_WHAT THE TASK REQUIRES_
Output the records below in full, word for word; pictures do not belong in it.

::: EXTRACTED INFORMATION

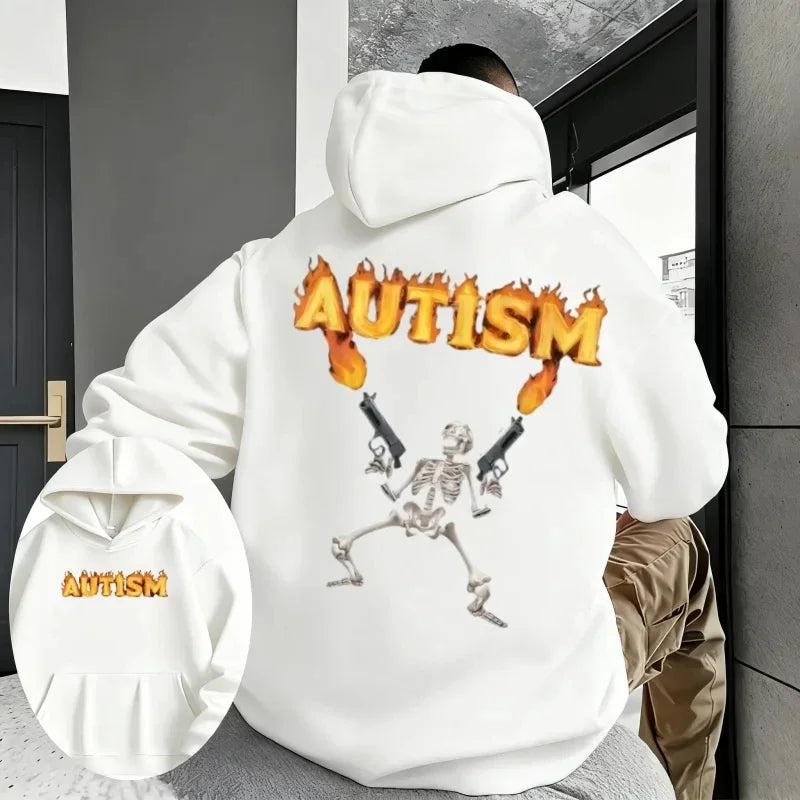 Autumn and Winter Casual Loose  Printed Sweater Hoodie autism skeleton Print Fashion Summe Men's Oversized Y2K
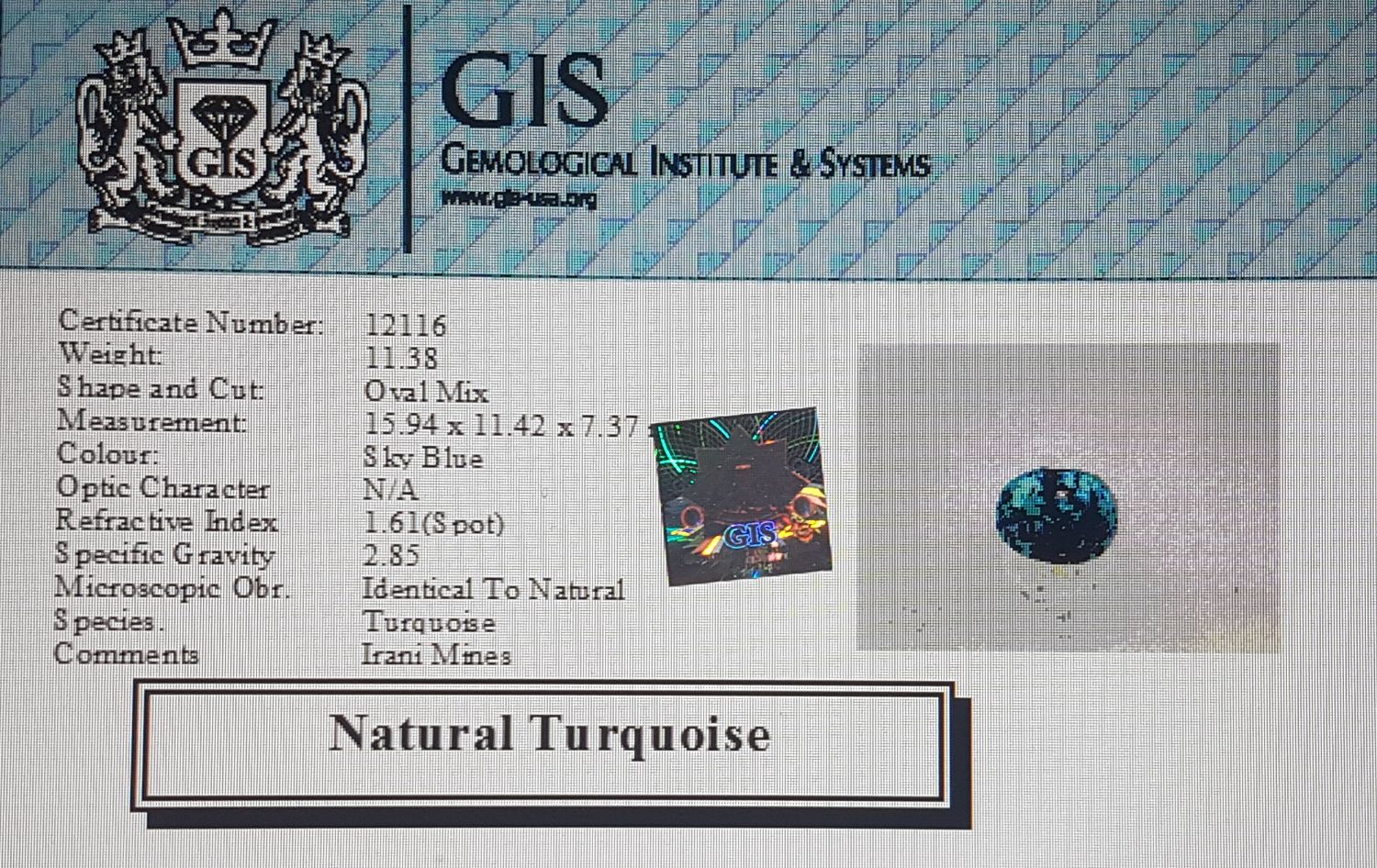 Turquoise (Irani) 11.38 Ct.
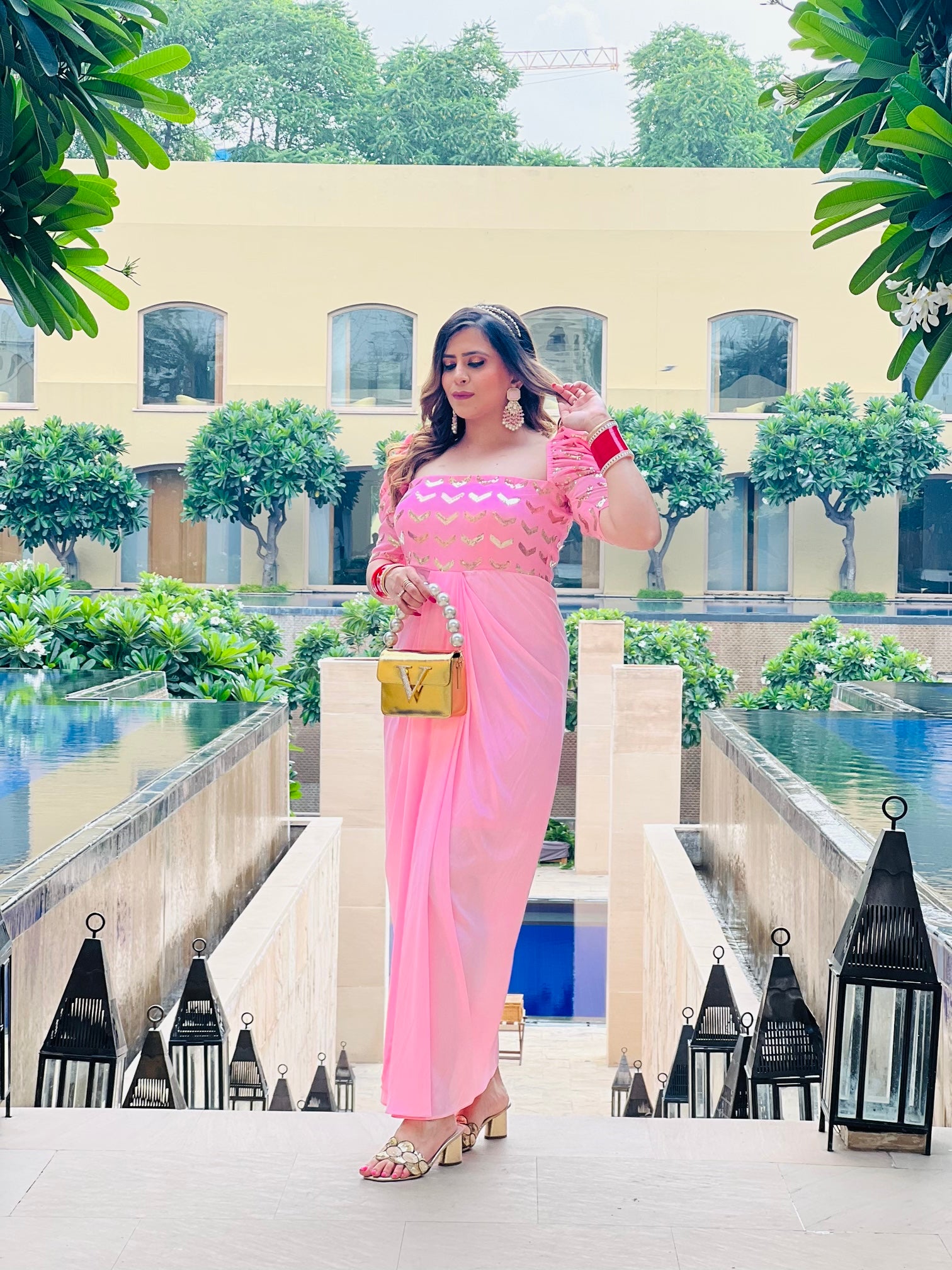 Baby Pink Karwachauth Drape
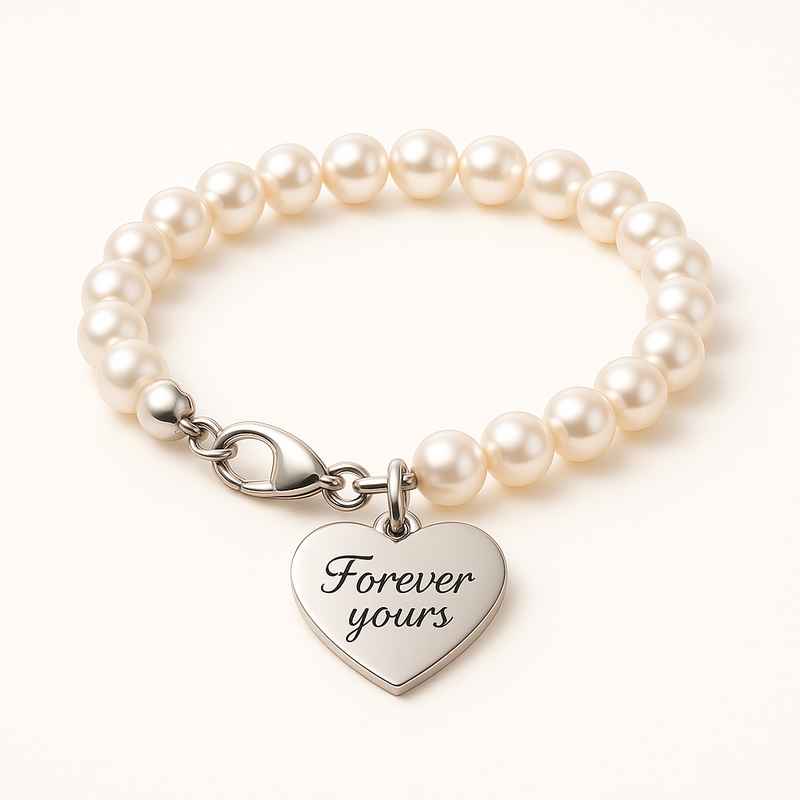 Dainty Personalized Pearl Bracelet with Romantic Stainless Steel Charm 1 Dainty Personalized Pearl Bracelet with Romantic Stainless Steel Charm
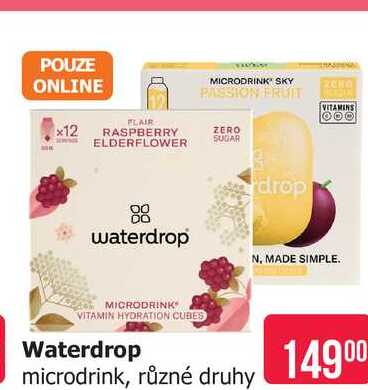 Waterdrop microdrink, různé druhy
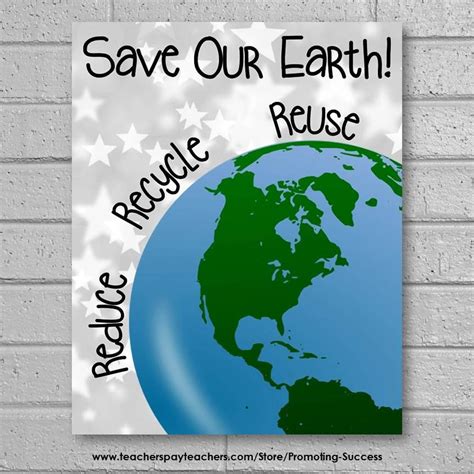 Earth Day Poster Reduce Reuse Recycle Environmental Science Poster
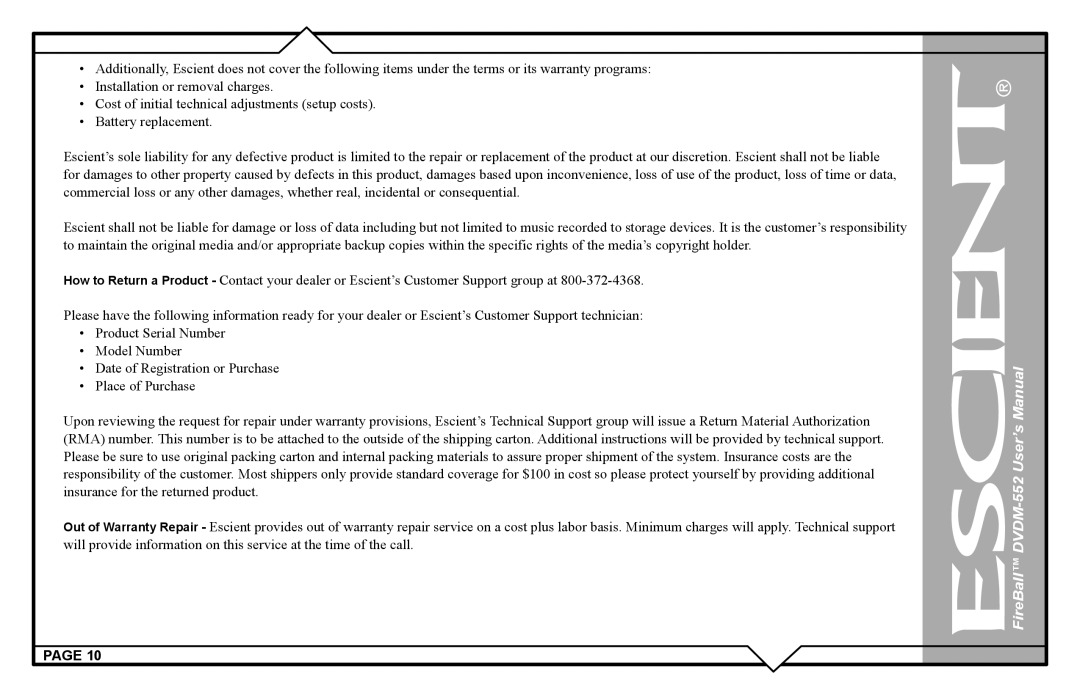 Escient DVDN-552 user manual FireBall DVDM-552 User’s Manual 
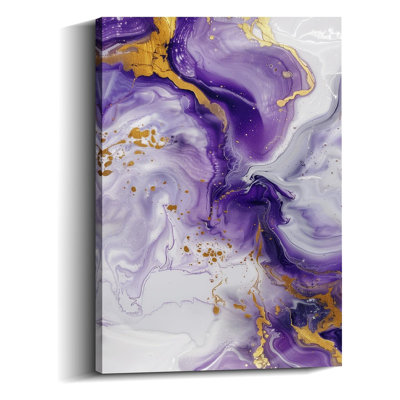 Abstract Canvas Wall Art - Purple And Gold Textured Pictures Gray White Painting Modern Abstract Wall Decor Framed For Living Room Gallery Wrap Ready To Hang(Art-4,24.00X36.00 Inch)
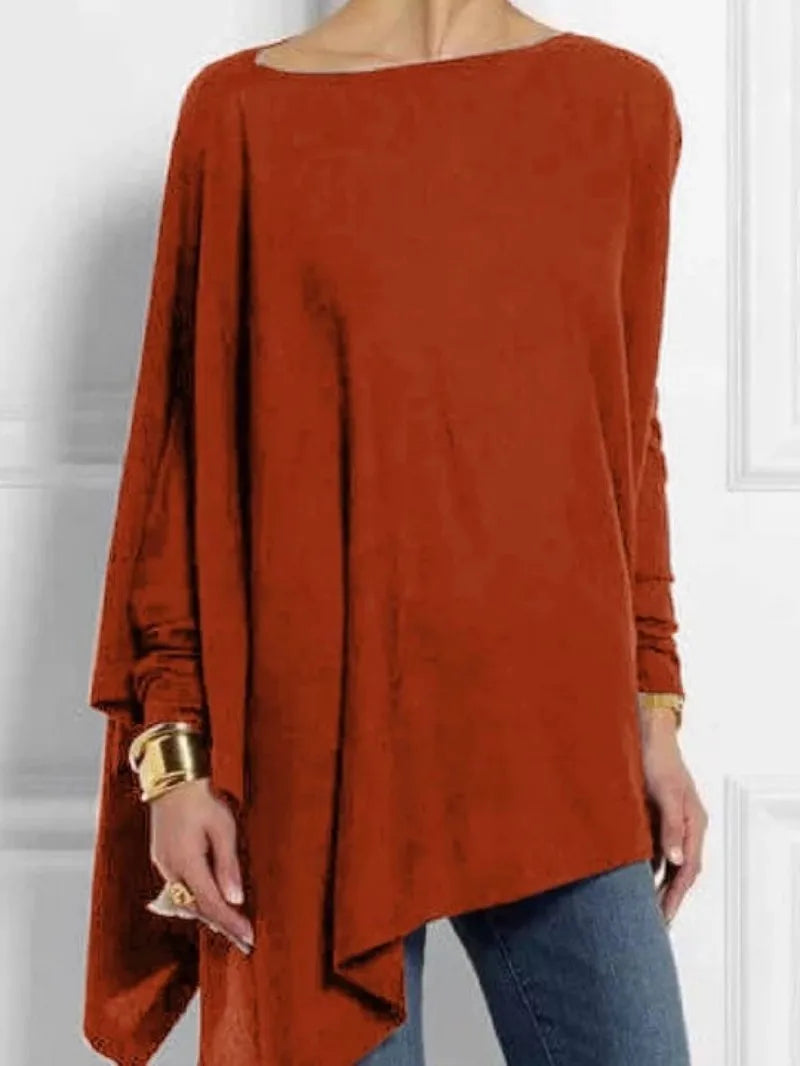 Cotton Irregular Womens Tops And Blouses Casual O Neck Long Sleeve Top Female Tunic 2024 Autumn Plus Size Women Blusas Shirts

::::::

_TASK RESPONSE_
 Autumn and Winter Casual Loose  Printed Sweater Hoodie autism skeleton Print Fashion Summe Men's Oversized Y2K
 Turquoise (Irani) 11.38 Ct.
 Baby Pink Karwachauth Drape
 Dainty Personalized Pearl Bracelet with Romantic Stainless Steel Charm 1 Dainty Personalized Pearl Bracelet with Romantic Stainless Steel Charm
 Waterdrop microdrink, různé druhy
 Earth Day Poster Reduce Reuse Recycle Environmental Science Poster
 Escient DVDN-552 user manual FireBall DVDM-552 User’s Manual 
 Abstract Canvas Wall Art - Purple And Gold Textured Pictures Gray White Painting Modern Abstract Wall Decor Framed For Living Room Gallery Wrap Ready To Hang(Art-4,24.00X36.00 Inch)
 Cotton Irregular Womens Tops And Blouses Casual O Neck Long Sleeve Top Female Tunic 2024 Autumn Plus Size Women Blusas Shirts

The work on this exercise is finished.